WHAT TO DO -
Where the line containing "Blue Bows Christmas" appears in the entries below, begin there and output every line through the last, exactly, minus the pictures.

ENTRIES SUPPLIED -
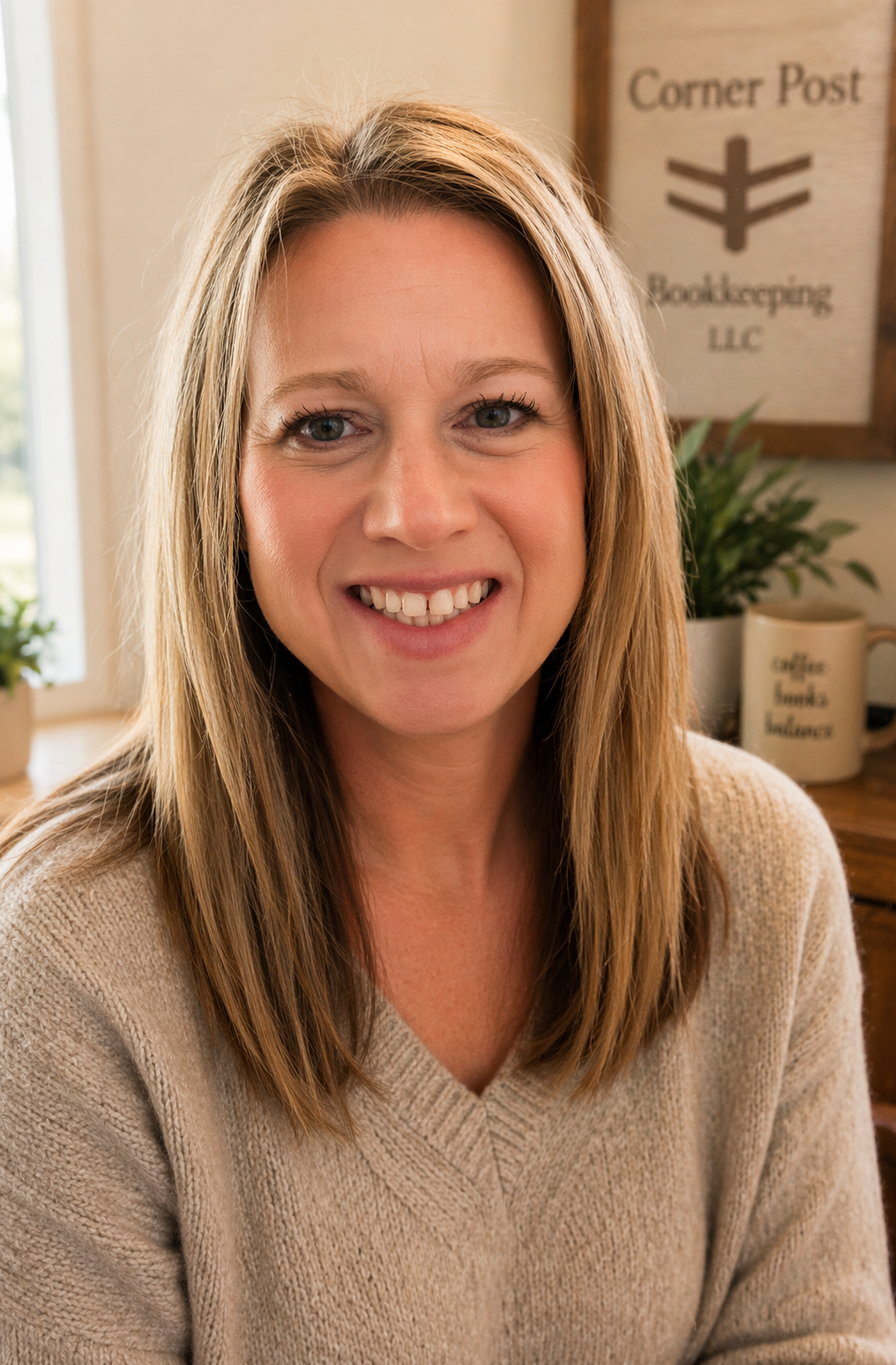 A woman with shoulder-length light brown hair and blue eyes smiling in a cozy indoor setting, with a wooden wall and a sign reading 'Corner Post Bookkeeping LLC' in the background.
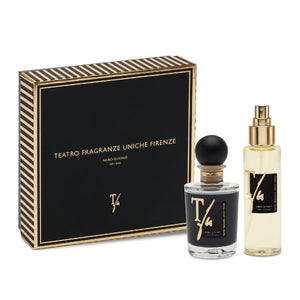 Teatro - Nero Divino - Gift Box in schwarzer edler Verpackung mit Duftflakon und Sprayflasche elegant präsentiert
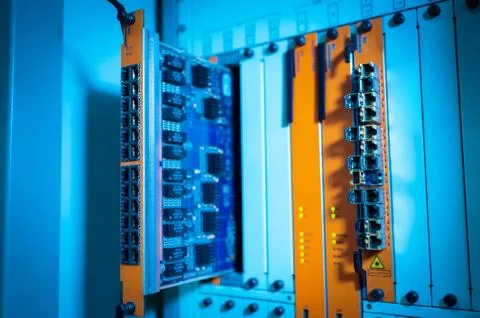 Core switch technology in network room place Stock Photos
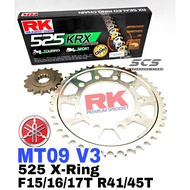 RK Sprocket Set YAMAHA MT09 V3 New 525 GB KRX X-Ring Rivet Black Gold Chain 15/16/17T-41/45T Rantai 
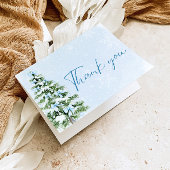 Blue Bows Christmas Tree Winter Thank you card サンキューカード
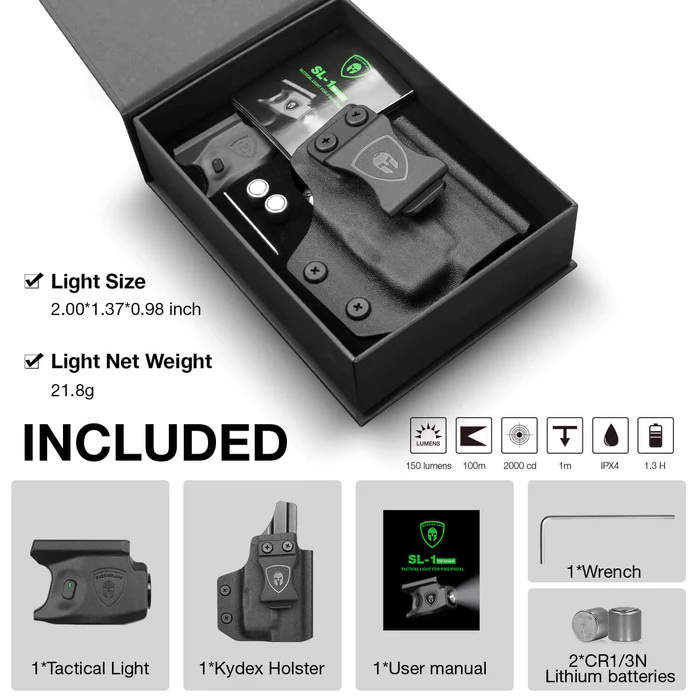 ไฟฉาย Warriorland SL-1 + ซองพกใน Kydex G43/G43X ( เฉพาะรุ่นที่ไม่มีราง ) (K2460)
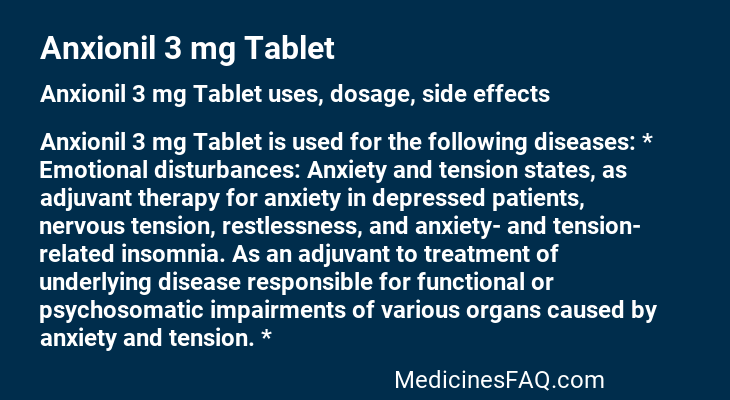 Anxionil 3 mg Tablet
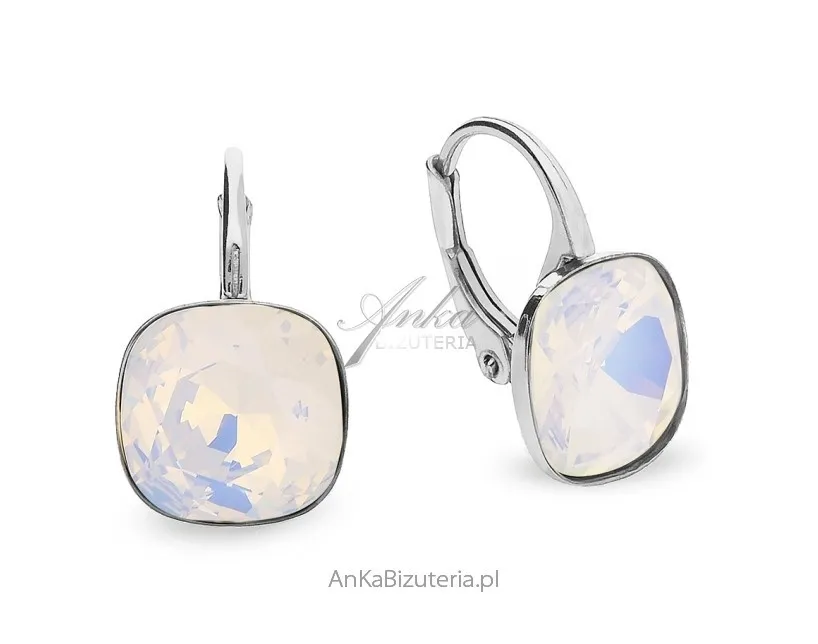 Kolczyki srebrne kryształy   barete w kolorze white opal.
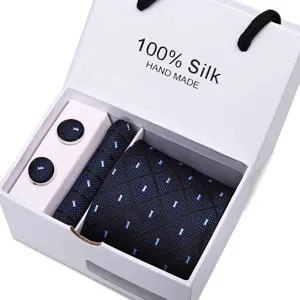 Herren Seide Krawatte Set Geschenke Box formell Business Jacquard Krawatte Manschettenknöpfe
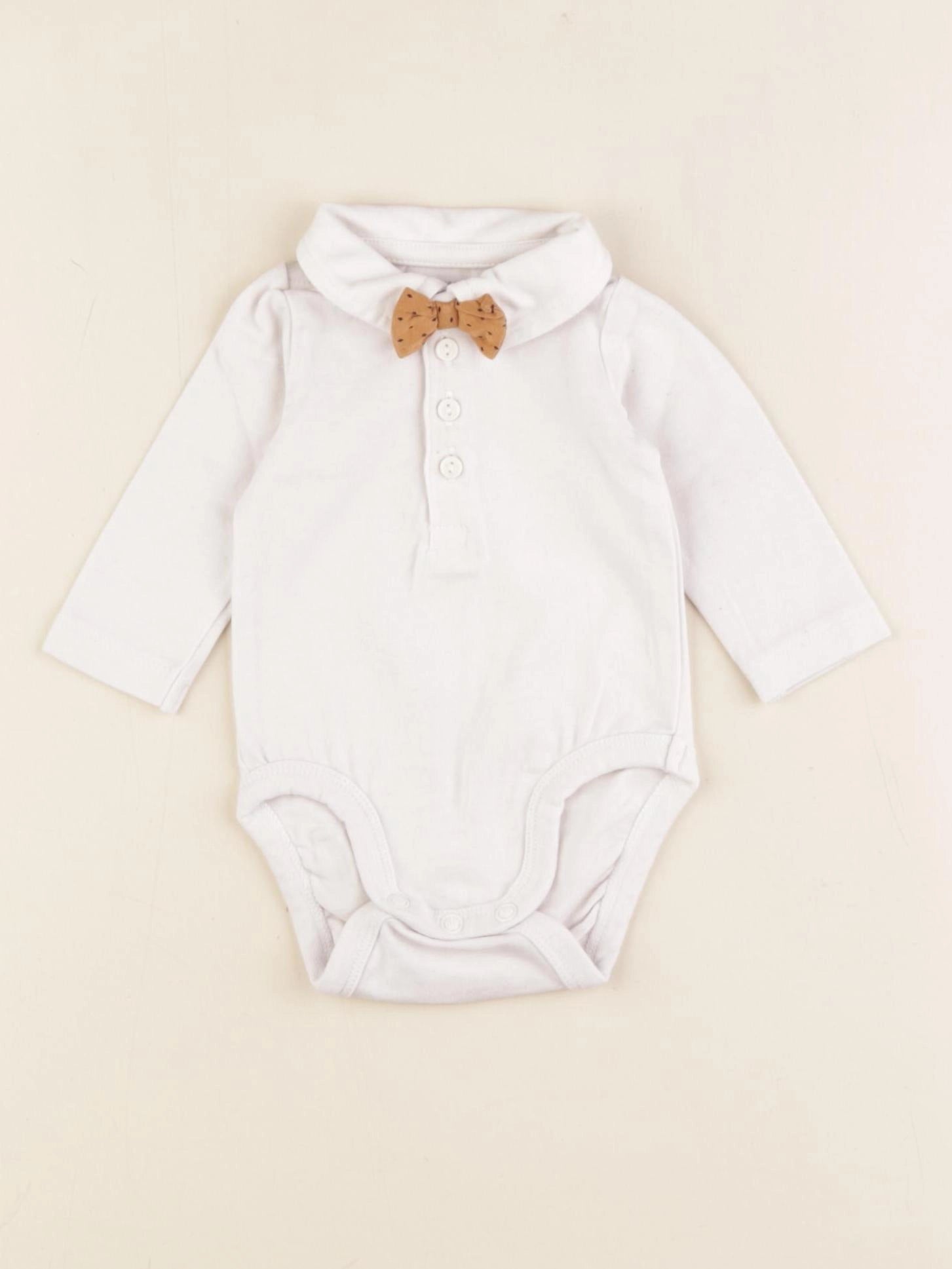 H&M - body à col beige - 0/1 mois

EXERCISE RESULT -
 Blue Bows Christmas Tree Winter Thank you card サンキューカード
 ไฟฉาย Warriorland SL-1 + ซองพกใน Kydex G43/G43X ( เฉพาะรุ่นที่ไม่มีราง ) (K2460)
 Anxionil 3 mg Tablet
 Kolczyki srebrne kryształy   barete w kolorze white opal.
 Herren Seide Krawatte Set Geschenke Box formell Business Jacquard Krawatte Manschettenknöpfe
 H&M - body à col beige - 0/1 mois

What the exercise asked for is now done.